* **Exercise instructions**
Leaving out all pictures, write out word for word the lines from the one containing "2022 Dodge Charger SXT - Photo 12" to the end of the data below.

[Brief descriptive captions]
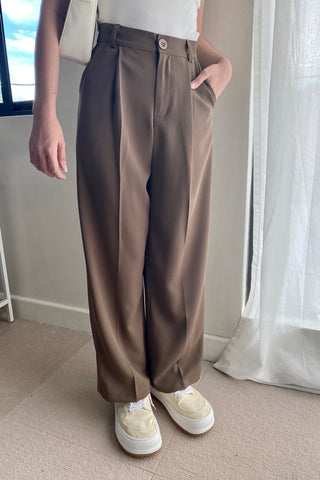 Pleated coffee trouser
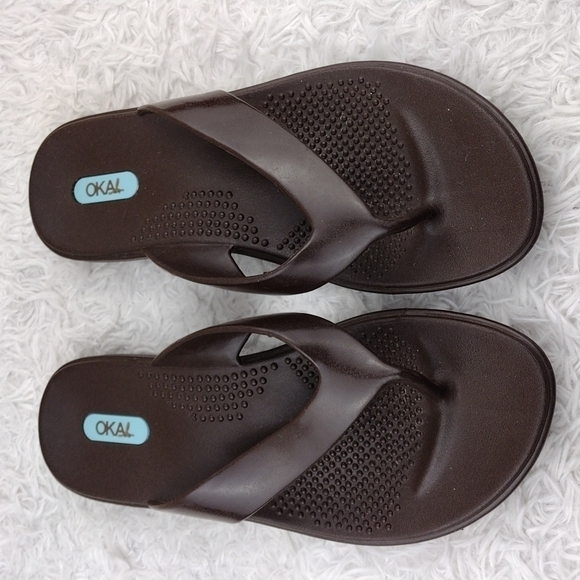 OKA b. Elle Brown PVC Rubber Round Toe Thong Slip On Flat Flop Sandal Shoe - Picture 2 of 13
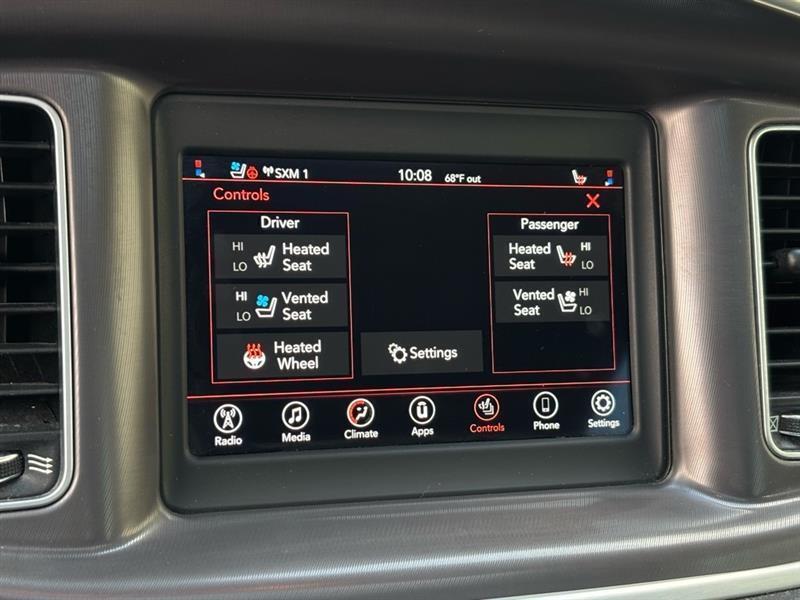 2022 Dodge Charger SXT - Photo 12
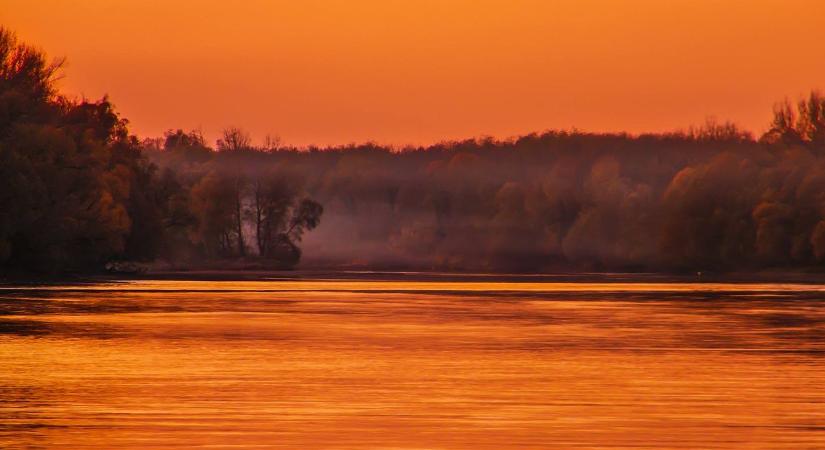 Párás idő, északon kisebb esővel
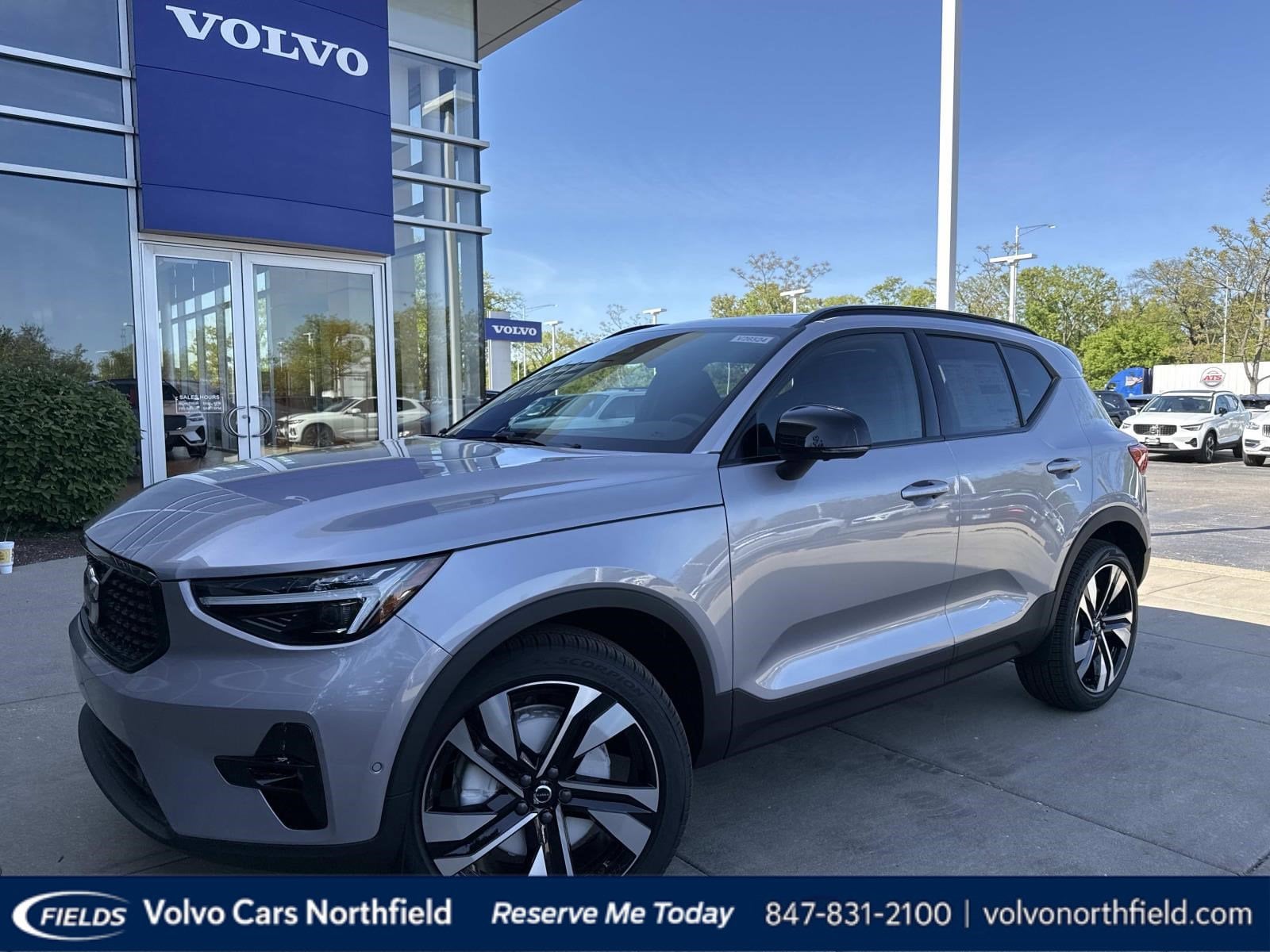 2026 Volvo XC40 B5 Plus Dark AWD's photo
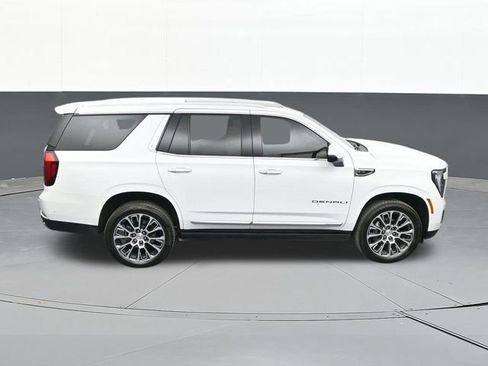 Used 2025 GMC Yukon Denali w/ Sun & Power Step Package image 61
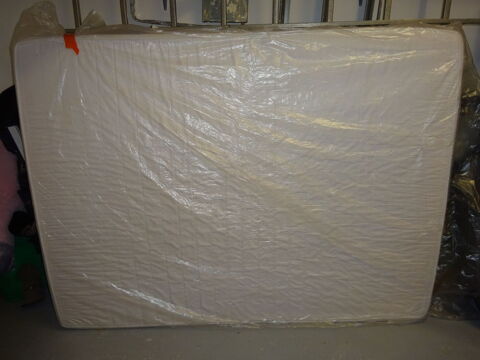 MATELAS 140x 190 90 Fontaines-sur-Sane (69)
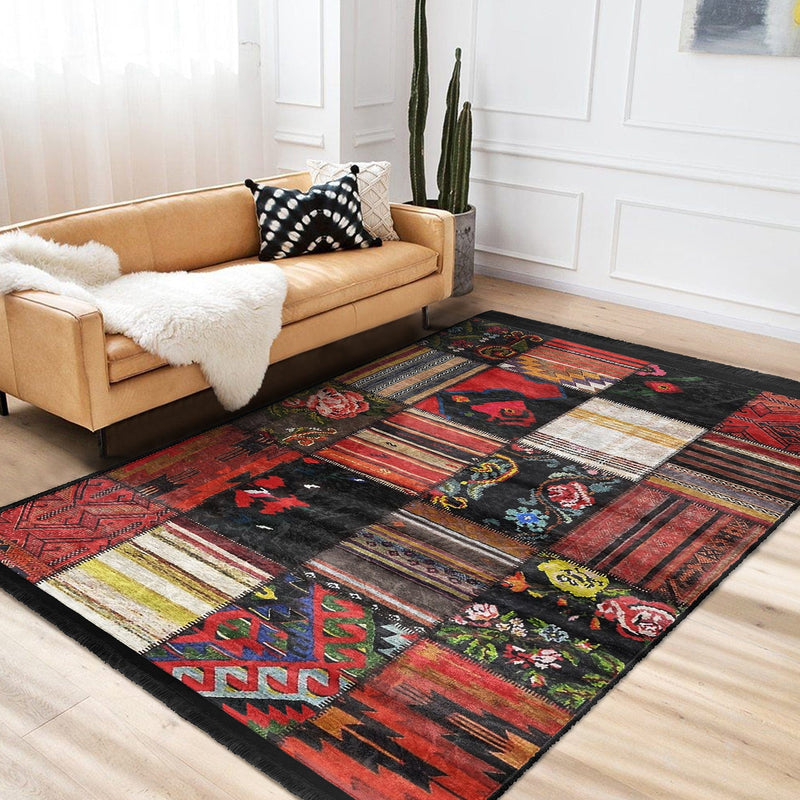 Siyah - Kırmızı Patchwork Motifli Etnik Desenli Dijital Baskılı Makinede Yıkanabilir Kaymaz Taban Saçaklı Halı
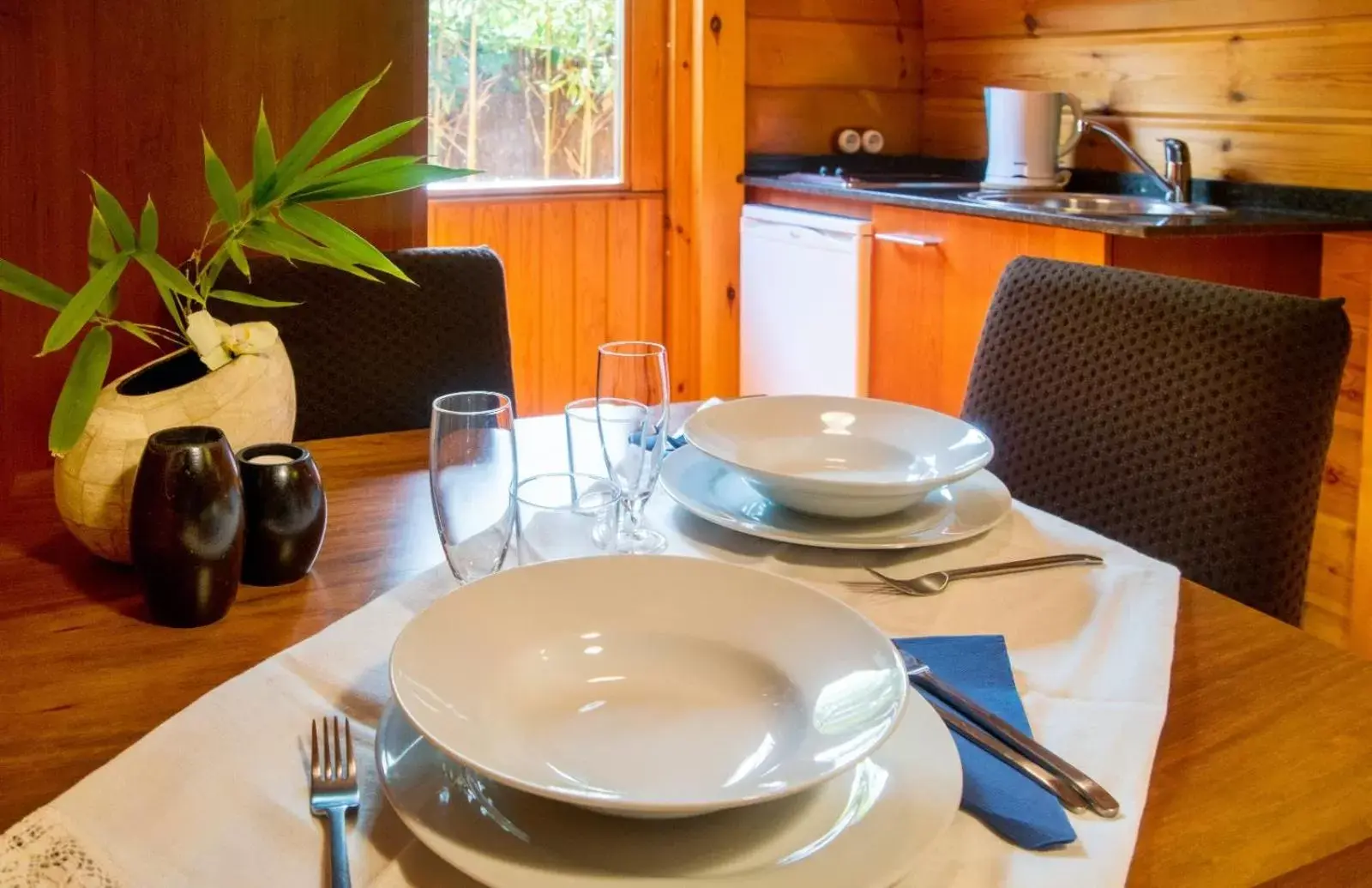 Kitchen or kitchenette, Restaurant/Places to Eat in Hotel Somlom - ECO Friendly Montseny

* **Task result**
 2022 Dodge Charger SXT - Photo 12
 Párás idő, északon kisebb esővel
 2026 Volvo XC40 B5 Plus Dark AWD's photo
 Used 2025 GMC Yukon Denali w/ Sun & Power Step Package image 61
 MATELAS 140x 190 90 Fontaines-sur-Sane (69)
 Siyah - Kırmızı Patchwork Motifli Etnik Desenli Dijital Baskılı Makinede Yıkanabilir Kaymaz Taban Saçaklı Halı
 Kitchen or kitchenette, Restaurant/Places to Eat in Hotel Somlom - ECO Friendly Montseny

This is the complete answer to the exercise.